## What the task requires
In the entries that follow, how many lines contain "Photo"? Answer with the number only.

## Given data
——————————
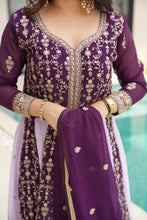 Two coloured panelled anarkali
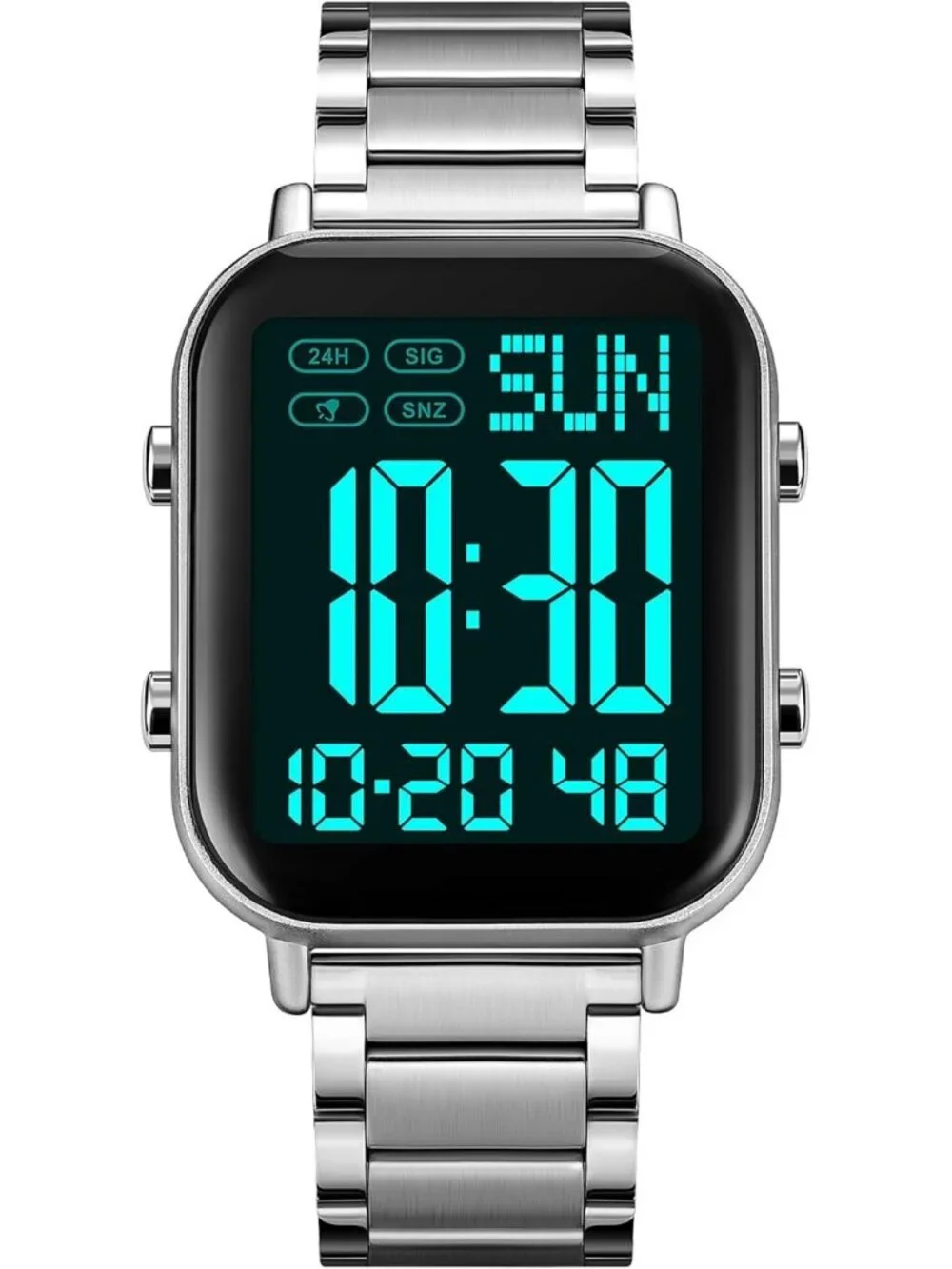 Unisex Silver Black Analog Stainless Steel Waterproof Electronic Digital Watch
——————————
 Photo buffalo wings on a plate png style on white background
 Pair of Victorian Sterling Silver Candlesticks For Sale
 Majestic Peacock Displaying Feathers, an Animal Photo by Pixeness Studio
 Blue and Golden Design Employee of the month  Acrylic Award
——————————
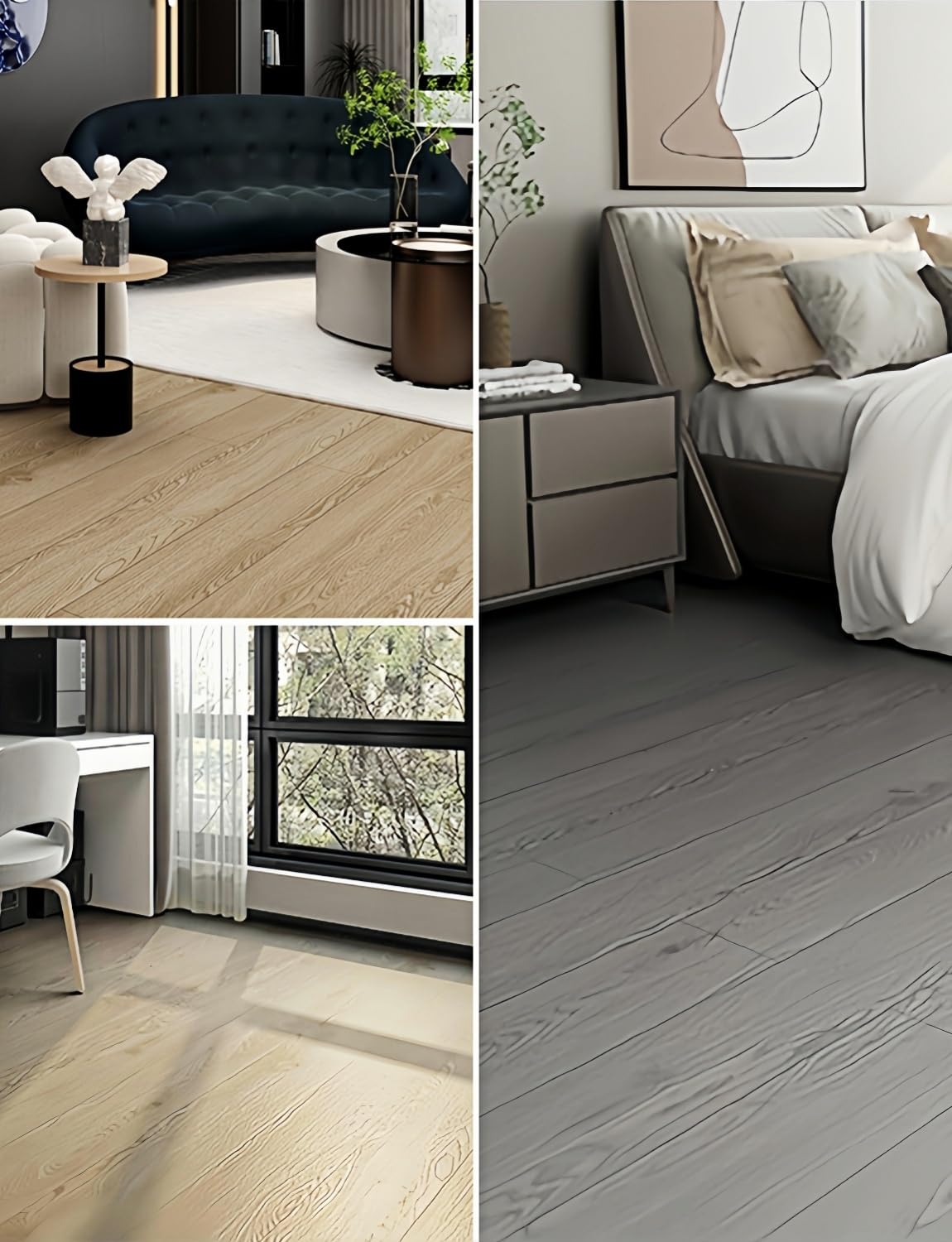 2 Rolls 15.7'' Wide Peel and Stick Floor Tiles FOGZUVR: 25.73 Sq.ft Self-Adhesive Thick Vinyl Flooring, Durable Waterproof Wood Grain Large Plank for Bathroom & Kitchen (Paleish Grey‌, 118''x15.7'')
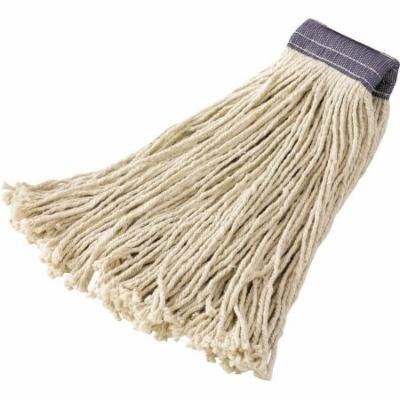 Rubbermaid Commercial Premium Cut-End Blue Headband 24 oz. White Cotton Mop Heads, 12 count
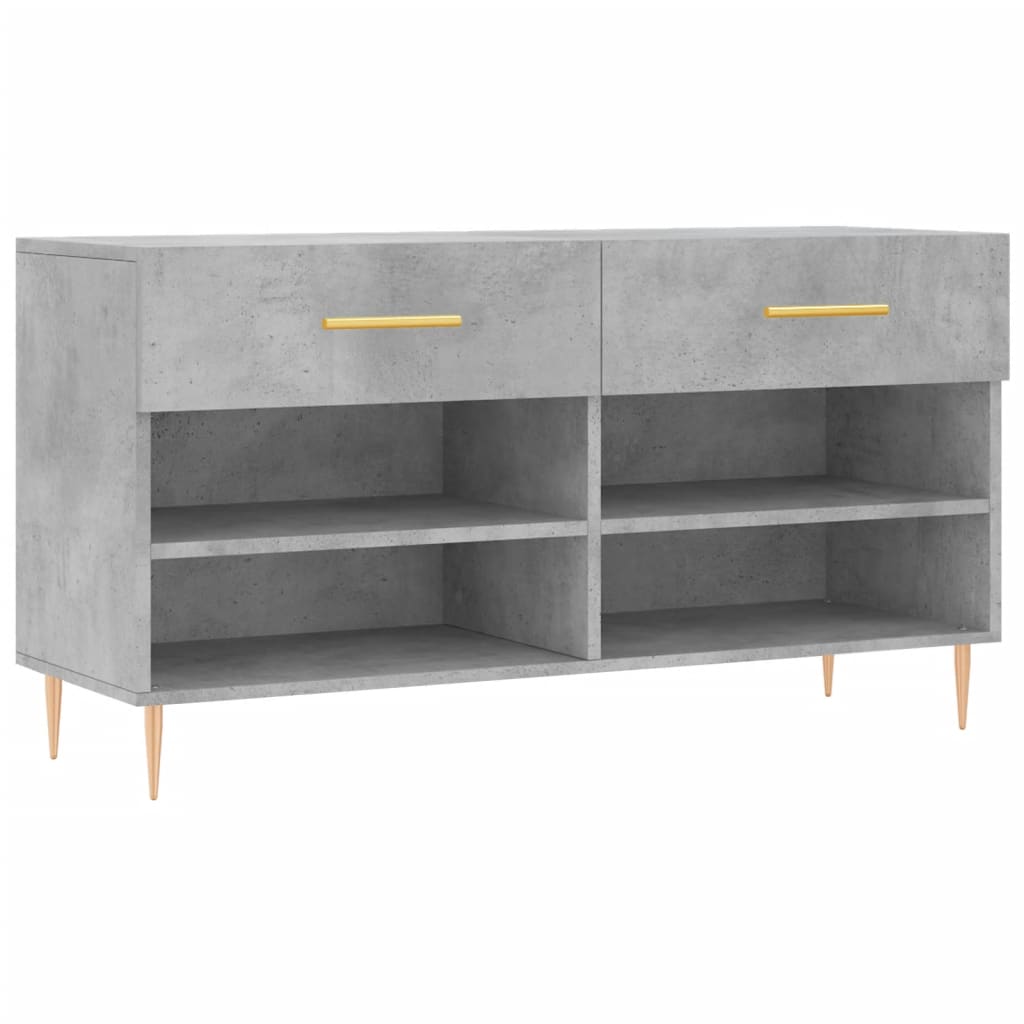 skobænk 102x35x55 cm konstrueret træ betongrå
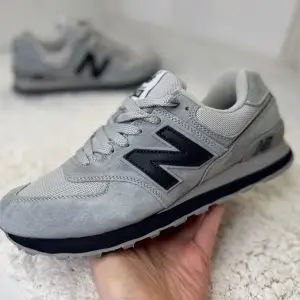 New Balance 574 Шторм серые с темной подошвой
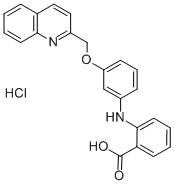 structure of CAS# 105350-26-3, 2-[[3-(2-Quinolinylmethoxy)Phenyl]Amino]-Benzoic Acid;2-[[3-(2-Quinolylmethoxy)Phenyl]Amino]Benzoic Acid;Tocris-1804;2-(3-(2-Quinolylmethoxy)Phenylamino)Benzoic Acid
——————————
## Solved exercise
2